### Work to be completed
Restate the entries below exactly. Images are not part of the copy.

### Records for this task
________________________

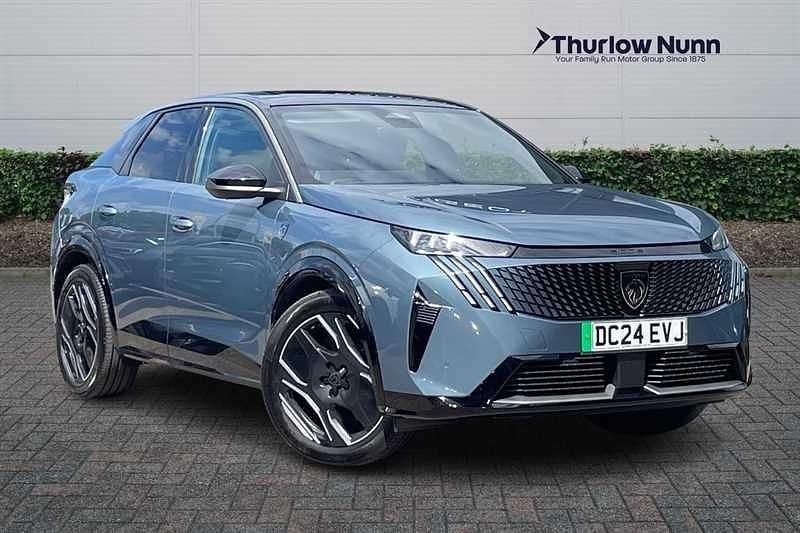 Blue Used 2024 Peugeot e-3008 GT SUV | £26,899 (Fair price) - Image 1/4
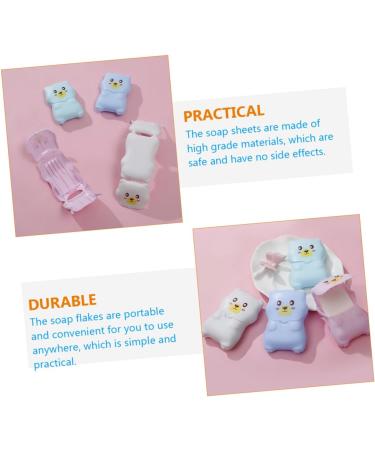 FRCOLOR 18 Sets Travel Soap Flakes Cleaning Soap Paper Soap for Outdoor Portable Soap Paper Hand Soap Paper Mini Hand Lotion Soap Paper Flakes Travel Hand Disposable Pp Small Soap Flakes - Buy Online on GoSupps.com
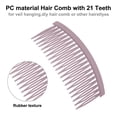 thumbnail image 3 of 5 peinetas para el pelo para mujer, accesorios para novia, peineta de 21 dientes para velo de boda, decorativas para mujeres y niñas, cabello fino., 3 of 5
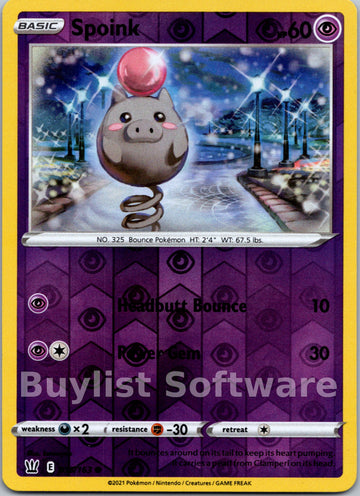 Spoink [055/163] [Battle Styles] Reverse Holofoil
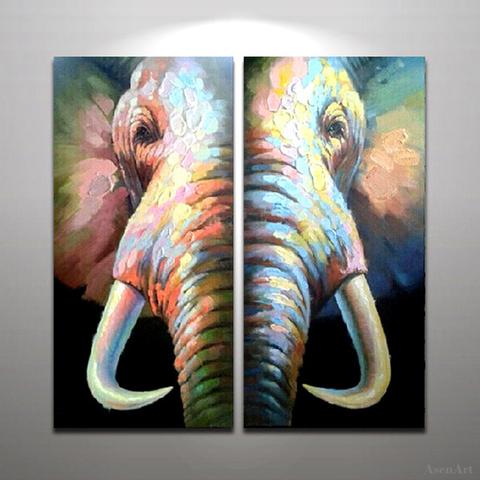 Big Elephant Painting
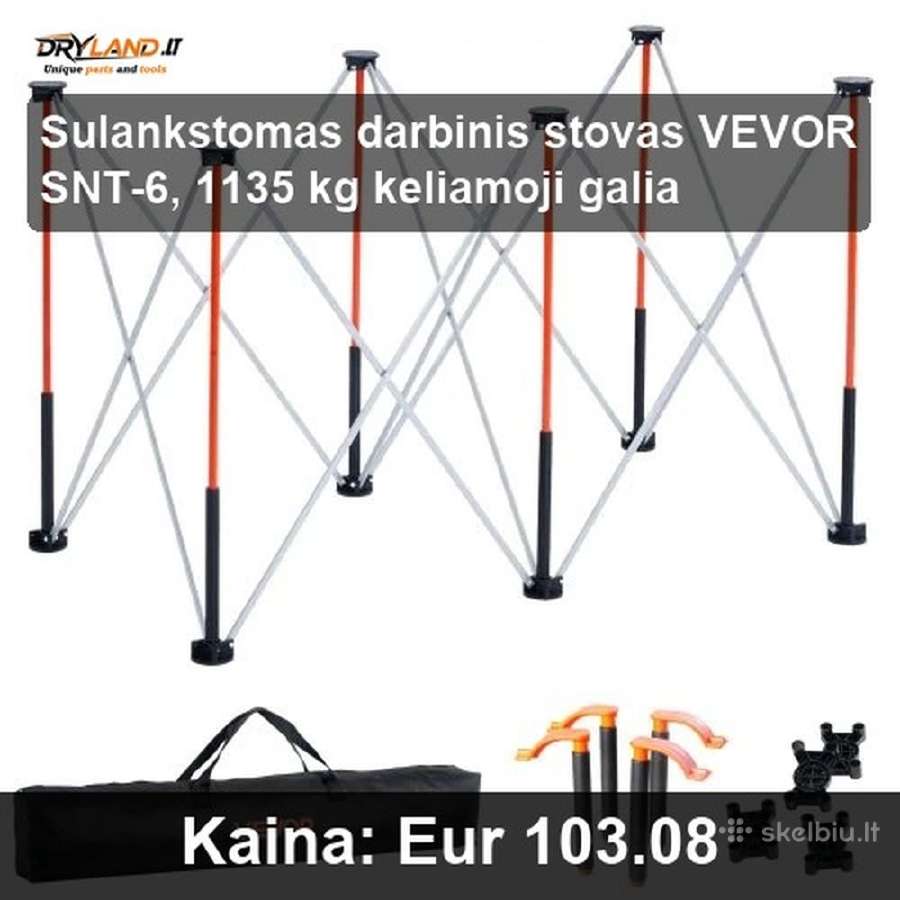 Patikimi Darbastaliai Vevor ir Hecht - nuotraukos Nr. 8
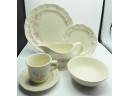 Vintage Pfaltzgraff  Stoneware 'tea Rose' Dish Assorted Dish Set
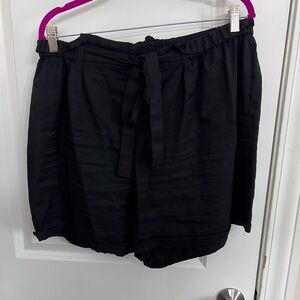 SHEIN Black High Waist Casual Shorts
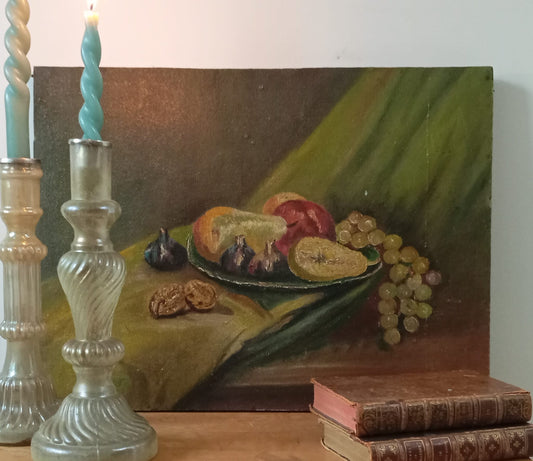 Nature morte ancienne- Fruits d'automne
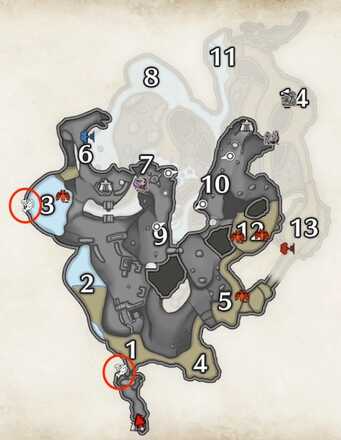 Monster Hunter Rise (MH Rise) - Lava Caverns Above Ground Fishing Spots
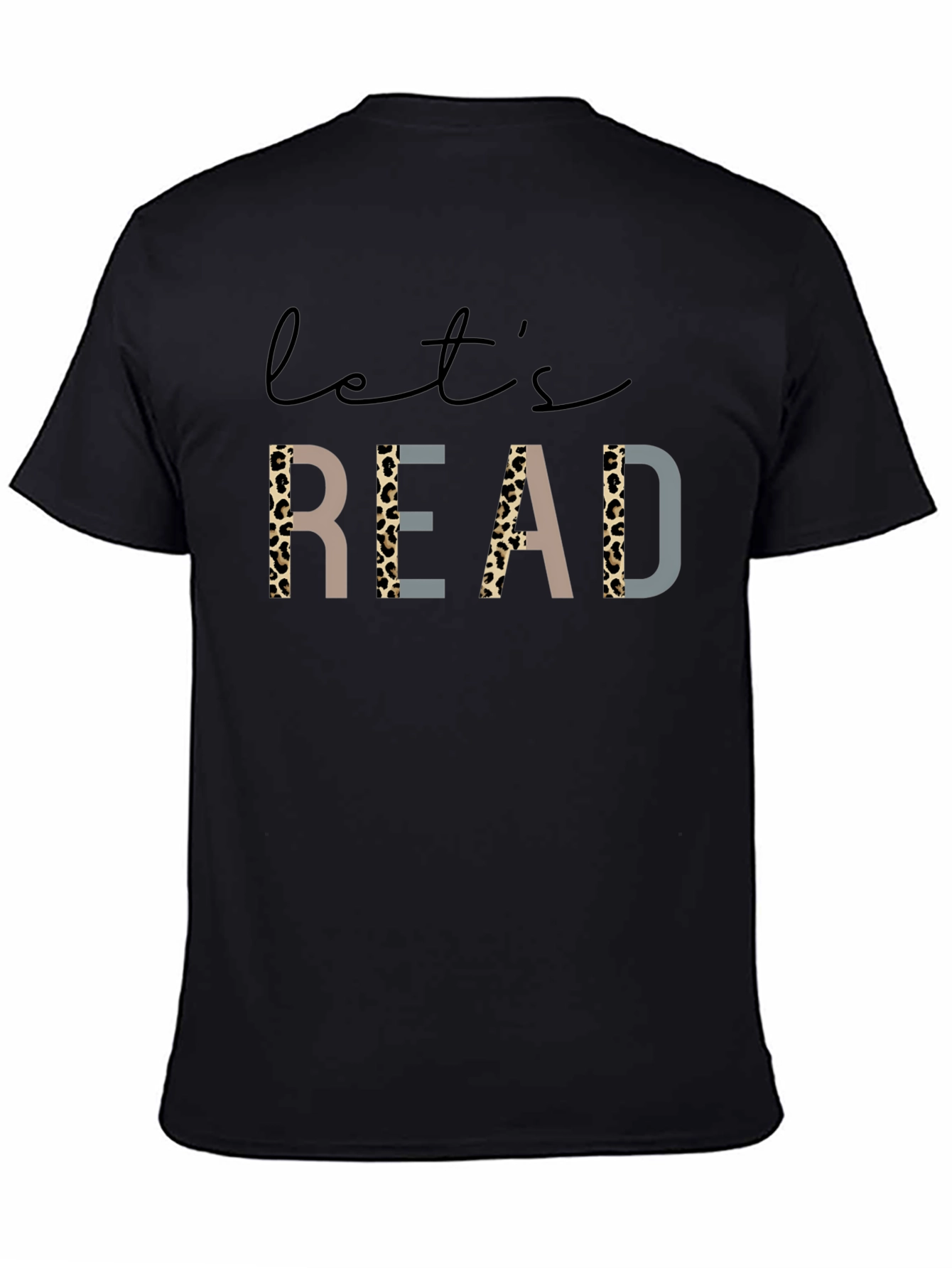 Lets Read Graphic Tee - Leopard Print
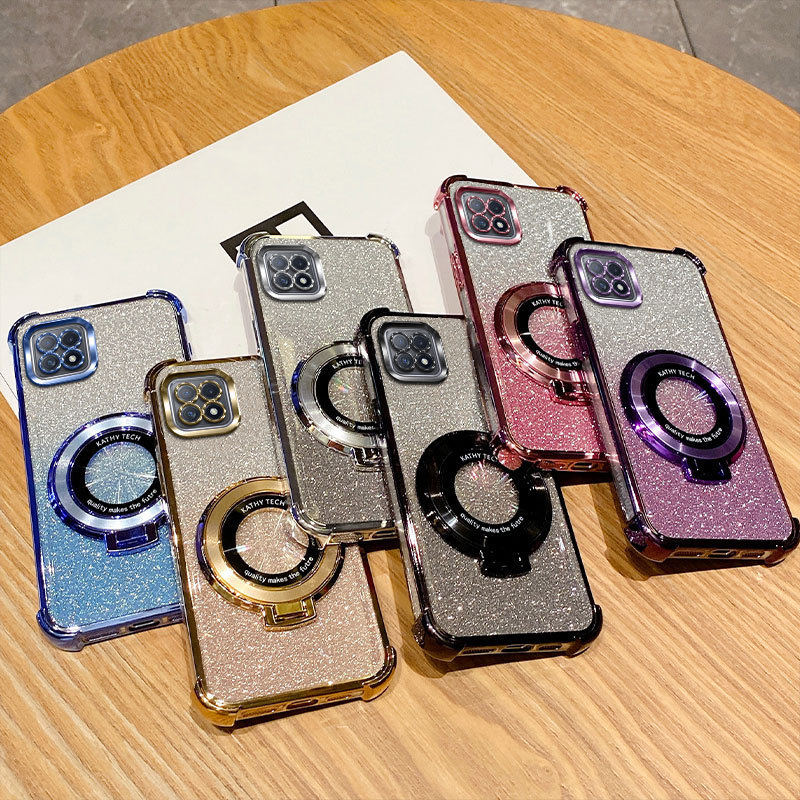 เคส OPPO A73 5G เคสไฟฟ้าแฟลชสี่มุมป้องกันการตกเคสโทรศัพท์แบบนุ่ม DDSJ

________________________

### Expected answer
 Blue Used 2024 Peugeot e-3008 GT SUV | £26,899 (Fair price) - Image 1/4
 FRCOLOR 18 Sets Travel Soap Flakes Cleaning Soap Paper Soap for Outdoor Portable Soap Paper Hand Soap Paper Mini Hand Lotion Soap Paper Flakes Travel Hand Disposable Pp Small Soap Flakes - Buy Online on GoSupps.com
 thumbnail image 3 of 5 peinetas para el pelo para mujer, accesorios para novia, peineta de 21 dientes para velo de boda, decorativas para mujeres y niñas, cabello fino., 3 of 5
 Spoink [055/163] [Battle Styles] Reverse Holofoil
 Big Elephant Painting
 Patikimi Darbastaliai Vevor ir Hecht - nuotraukos Nr. 8
 Vintage Pfaltzgraff  Stoneware 'tea Rose' Dish Assorted Dish Set
 SHEIN Black High Waist Casual Shorts
 Nature morte ancienne- Fruits d'automne
 Monster Hunter Rise (MH Rise) - Lava Caverns Above Ground Fishing Spots
 Lets Read Graphic Tee - Leopard Print
 เคส OPPO A73 5G เคสไฟฟ้าแฟลชสี่มุมป้องกันการตกเคสโทรศัพท์แบบนุ่ม DDSJ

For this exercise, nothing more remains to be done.